Best? Why Not Favorite?

As autumn draws in around us, we are deluged with literary media about the storm of literary prizes offered here in Canada: The Giller, The Governor General, The Writer's Trust, and on it goes to dozens of smaller, provincial prizes. Each prize claims to honor "the best." But what does "best" mean? When it comes to art, to literature?

To my mind: very little. I dislike this idea of ranking literature as Consumer Reports ranks cars or fridges or blackberry devices. This ranking only diminishes. The beauty of art and literature is that it is like falling in love, people vary in their tastes, these tastes are highly subjective. I find that redeeming, comforting, as a novelist. (And as far as my own oeuvre goes, there are those who love my work and those who hate it, though a strong reaction of any kind is a compliment to me, as I believe powerful fiction should shake one up, move a reader from one place to another.)

Of course, there might be agreement in what consitutes a masterpiece, or a piece of dreck, but even here...I've witnessed differences of opinion.

Clearly, an award can help an unknown author get on the radar. In my own career, winning The 2009 Canadian Jewish Book Award for my recent novel, The White Space Between,certainly helped me garner more readers, more reviews, more events, more respect. And being short-listed for The Re-Lit Prize for Bloodknots, also helped that volume of stories get out there. Writers more than anyone else know, it is all too easy for a book, a novel, a volume of stories, a collection of poetry to drop like a smooth stone to the bottom of a black pond.

However, I hate to see writers writing with THE AWARDS front and center. I don't believe it will produce powerful or original work, just as trying to write to trends leaves the author always one step behind.

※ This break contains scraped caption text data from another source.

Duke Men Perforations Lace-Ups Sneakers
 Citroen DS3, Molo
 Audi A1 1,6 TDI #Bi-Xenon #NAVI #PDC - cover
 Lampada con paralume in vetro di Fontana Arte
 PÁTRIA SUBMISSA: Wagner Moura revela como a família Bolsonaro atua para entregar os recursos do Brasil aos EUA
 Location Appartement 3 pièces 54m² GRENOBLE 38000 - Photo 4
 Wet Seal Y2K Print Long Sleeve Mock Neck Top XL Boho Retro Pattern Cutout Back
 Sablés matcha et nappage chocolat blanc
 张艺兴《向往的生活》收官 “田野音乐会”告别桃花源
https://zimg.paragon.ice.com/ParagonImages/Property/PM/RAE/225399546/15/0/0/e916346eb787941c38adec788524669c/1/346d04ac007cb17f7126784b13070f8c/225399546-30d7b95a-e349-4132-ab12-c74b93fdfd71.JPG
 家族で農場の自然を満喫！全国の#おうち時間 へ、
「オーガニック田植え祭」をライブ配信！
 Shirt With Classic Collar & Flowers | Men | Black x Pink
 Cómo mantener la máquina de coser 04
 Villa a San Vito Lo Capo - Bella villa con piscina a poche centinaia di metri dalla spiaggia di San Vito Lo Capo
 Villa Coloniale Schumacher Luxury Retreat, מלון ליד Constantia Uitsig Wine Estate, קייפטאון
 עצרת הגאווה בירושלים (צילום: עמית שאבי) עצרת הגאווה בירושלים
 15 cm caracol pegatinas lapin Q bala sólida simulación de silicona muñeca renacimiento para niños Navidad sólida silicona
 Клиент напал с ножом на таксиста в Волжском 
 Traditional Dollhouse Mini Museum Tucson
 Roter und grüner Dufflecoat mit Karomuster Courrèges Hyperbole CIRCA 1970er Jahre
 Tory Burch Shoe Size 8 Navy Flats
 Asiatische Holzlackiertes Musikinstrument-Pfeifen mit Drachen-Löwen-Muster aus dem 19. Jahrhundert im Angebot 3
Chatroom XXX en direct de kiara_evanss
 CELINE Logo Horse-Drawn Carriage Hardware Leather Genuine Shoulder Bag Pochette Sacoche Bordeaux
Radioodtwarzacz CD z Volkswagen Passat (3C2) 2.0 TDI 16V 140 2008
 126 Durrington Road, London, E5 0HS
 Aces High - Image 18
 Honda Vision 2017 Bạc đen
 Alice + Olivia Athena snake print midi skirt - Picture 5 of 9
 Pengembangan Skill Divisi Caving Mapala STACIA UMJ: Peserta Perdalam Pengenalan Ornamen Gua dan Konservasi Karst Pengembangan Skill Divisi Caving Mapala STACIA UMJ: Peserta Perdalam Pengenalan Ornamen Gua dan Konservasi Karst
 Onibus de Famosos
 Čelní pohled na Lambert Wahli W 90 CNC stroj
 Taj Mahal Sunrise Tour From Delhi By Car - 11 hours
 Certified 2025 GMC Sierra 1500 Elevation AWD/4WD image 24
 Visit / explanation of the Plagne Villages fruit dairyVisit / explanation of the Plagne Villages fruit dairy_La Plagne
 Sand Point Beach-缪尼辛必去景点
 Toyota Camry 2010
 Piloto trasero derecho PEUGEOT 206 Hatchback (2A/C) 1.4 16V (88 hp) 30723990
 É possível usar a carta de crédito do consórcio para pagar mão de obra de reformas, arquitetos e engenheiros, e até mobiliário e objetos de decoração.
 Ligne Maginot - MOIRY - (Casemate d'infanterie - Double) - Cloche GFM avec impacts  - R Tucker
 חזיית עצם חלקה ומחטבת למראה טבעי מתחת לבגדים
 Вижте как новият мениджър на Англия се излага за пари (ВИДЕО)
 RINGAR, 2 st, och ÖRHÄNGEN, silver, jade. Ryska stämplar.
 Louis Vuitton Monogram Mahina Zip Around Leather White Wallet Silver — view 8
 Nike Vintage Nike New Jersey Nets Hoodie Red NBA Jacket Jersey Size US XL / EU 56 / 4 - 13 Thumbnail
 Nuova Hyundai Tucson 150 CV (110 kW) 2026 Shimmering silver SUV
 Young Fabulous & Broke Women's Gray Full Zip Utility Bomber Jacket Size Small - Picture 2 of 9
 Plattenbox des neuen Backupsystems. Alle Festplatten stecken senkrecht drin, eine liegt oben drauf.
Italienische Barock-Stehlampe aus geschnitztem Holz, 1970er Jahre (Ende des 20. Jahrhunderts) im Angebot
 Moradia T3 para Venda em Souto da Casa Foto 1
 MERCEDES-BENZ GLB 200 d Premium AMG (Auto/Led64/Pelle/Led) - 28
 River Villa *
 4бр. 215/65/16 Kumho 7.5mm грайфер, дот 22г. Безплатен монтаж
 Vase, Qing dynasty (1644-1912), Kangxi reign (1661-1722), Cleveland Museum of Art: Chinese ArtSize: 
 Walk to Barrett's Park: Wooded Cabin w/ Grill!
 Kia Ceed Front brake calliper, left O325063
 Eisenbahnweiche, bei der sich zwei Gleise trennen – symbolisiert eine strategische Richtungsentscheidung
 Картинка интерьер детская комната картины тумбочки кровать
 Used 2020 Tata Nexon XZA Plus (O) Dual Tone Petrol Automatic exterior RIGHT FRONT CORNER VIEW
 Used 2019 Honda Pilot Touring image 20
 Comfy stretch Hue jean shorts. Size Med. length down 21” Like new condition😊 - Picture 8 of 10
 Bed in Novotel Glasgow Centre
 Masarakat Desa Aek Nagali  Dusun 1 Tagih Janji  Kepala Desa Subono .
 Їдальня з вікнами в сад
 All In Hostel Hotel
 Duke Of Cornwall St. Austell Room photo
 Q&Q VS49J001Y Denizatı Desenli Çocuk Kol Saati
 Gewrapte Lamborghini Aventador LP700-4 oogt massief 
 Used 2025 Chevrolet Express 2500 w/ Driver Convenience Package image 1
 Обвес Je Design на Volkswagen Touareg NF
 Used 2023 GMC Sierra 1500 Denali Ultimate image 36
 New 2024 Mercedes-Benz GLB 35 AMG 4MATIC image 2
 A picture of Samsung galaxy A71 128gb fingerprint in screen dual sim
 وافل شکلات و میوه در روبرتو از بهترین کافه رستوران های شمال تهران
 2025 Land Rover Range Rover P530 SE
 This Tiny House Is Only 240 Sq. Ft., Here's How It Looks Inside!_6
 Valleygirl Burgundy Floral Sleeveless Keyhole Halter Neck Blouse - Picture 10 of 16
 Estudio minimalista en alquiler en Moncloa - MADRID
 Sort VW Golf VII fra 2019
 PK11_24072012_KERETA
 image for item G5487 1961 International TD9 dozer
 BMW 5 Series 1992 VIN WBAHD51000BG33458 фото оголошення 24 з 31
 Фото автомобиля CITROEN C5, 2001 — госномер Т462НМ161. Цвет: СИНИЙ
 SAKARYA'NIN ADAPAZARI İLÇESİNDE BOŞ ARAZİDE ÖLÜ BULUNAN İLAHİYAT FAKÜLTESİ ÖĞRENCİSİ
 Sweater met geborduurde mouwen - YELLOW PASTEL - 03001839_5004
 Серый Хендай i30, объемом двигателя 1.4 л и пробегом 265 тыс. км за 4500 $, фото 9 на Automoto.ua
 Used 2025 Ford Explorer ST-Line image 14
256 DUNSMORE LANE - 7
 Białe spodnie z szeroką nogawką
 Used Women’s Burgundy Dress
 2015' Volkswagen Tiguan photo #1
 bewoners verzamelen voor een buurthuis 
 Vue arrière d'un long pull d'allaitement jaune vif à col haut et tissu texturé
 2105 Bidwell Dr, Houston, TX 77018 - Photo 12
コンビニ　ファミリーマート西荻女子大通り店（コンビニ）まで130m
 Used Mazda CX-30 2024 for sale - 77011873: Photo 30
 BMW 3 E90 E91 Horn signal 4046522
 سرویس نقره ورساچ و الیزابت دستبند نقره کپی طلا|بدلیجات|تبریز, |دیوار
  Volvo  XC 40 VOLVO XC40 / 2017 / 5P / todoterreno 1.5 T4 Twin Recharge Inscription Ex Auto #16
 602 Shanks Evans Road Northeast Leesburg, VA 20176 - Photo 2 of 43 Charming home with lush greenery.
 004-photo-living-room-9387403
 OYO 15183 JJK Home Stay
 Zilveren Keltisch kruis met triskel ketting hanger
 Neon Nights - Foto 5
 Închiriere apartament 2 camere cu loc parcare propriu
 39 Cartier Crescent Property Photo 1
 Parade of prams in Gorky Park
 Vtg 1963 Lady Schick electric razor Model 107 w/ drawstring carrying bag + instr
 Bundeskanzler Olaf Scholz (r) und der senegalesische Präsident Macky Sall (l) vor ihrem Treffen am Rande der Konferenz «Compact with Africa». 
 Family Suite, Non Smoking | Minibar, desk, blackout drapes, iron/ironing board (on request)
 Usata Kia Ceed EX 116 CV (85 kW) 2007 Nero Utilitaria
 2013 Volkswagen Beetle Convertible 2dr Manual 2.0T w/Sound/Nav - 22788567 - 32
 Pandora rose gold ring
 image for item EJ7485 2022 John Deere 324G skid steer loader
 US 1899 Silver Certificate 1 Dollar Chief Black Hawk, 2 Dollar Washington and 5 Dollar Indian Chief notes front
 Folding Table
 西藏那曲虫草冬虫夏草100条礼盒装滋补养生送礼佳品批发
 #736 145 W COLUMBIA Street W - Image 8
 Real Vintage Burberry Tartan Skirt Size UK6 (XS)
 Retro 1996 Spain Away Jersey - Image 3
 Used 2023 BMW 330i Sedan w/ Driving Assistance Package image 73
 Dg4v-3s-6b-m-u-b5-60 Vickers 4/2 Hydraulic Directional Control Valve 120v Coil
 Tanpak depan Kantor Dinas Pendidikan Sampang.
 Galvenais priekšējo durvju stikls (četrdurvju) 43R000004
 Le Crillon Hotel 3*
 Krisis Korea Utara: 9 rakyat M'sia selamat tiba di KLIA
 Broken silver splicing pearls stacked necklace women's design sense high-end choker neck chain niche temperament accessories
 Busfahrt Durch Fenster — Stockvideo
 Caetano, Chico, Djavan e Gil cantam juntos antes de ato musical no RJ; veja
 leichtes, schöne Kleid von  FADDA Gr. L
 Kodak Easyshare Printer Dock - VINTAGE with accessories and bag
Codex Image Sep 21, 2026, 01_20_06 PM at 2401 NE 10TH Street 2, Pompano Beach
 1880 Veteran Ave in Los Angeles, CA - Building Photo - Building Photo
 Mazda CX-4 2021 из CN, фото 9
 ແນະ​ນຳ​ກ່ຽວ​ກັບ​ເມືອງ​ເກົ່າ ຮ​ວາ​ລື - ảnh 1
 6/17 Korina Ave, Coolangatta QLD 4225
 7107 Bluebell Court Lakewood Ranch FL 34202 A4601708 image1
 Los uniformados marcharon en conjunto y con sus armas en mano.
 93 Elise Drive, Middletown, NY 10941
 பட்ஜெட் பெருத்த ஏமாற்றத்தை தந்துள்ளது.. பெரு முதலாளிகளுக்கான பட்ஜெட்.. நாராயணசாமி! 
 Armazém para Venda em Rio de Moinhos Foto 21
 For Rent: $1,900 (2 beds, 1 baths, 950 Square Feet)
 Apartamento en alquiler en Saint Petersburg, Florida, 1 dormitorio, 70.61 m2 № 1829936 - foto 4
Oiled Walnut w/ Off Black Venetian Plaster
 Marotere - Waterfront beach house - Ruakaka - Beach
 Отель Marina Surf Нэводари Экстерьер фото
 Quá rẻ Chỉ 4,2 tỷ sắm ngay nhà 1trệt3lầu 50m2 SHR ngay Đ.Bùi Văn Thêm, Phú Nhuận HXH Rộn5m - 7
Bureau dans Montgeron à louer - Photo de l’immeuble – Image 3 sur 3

Writers, please write what you want to write...and keep that day job or rich spouse or lover or live frugally if you can. Write what is inside you. Write what obsesses you, what keeps you up at night, what you can't stop thinking about. And stop thinking about those prizes. Think about that next enveloping story, that indelible character whose voice you hear inside your head, that image that opens out and unfolds....

2 comments:

Leo said...

It's a hard lesson for writers to learn. The allure of a prize - with its promise of badly-need funds and an author's fifteen minutes of fame - are sometimes too hard to resist.

Writers toil in obscurity, alone with their text, and no one to encourage them in what they do. It's also a dreadfully long process to get that text just right, to make into a publishable tome that can get from manuscript to book and out to the stores can take years.

In the meantime, what is the reward? How can a writer get some kind of recognition that their writing is worthy of publishing? In comes the prize, any prize, that will raise the profile of that writer in the eyes of the public and provide some badly-need recognition and awareness.

I agree that writing specifically for a prize is a fools game. The only positive thing such behaviour provides is the discipline to churn out another piece, to keep writing and honing one's craft. But after losing the prize countless times, it wears one down to the point that a writer shrugs his/her shoulders and says, 'why bother?'.

Well, why bother is precisely the point. I think writers need to be motivated by something other than a prize, but by what they feel passionately about and how to go about writing that down. It's not easy, but in the end, it's a necessary state of mind.

And prizes, as you can see, are completely subjective. One prize committee's winner is another person's dreadful novel. Mind you, it is what drives the publishing industry itself - subjective choices made by people who think a book might sell. Most of the time they are right. But who predicted Dan Brown?

Chez Ami said...

If one measures the writer's life by fame and fortune, few would persevere.

A writer is not only one who writes, but one who loves to write, even when some days, the words do not come, the character does not take shape...there is the next day, when the writer is immersed in the process, time slips away, and the story flows.

My point? It's the going, the doing, the process that is the reward, that has to feel like the reward.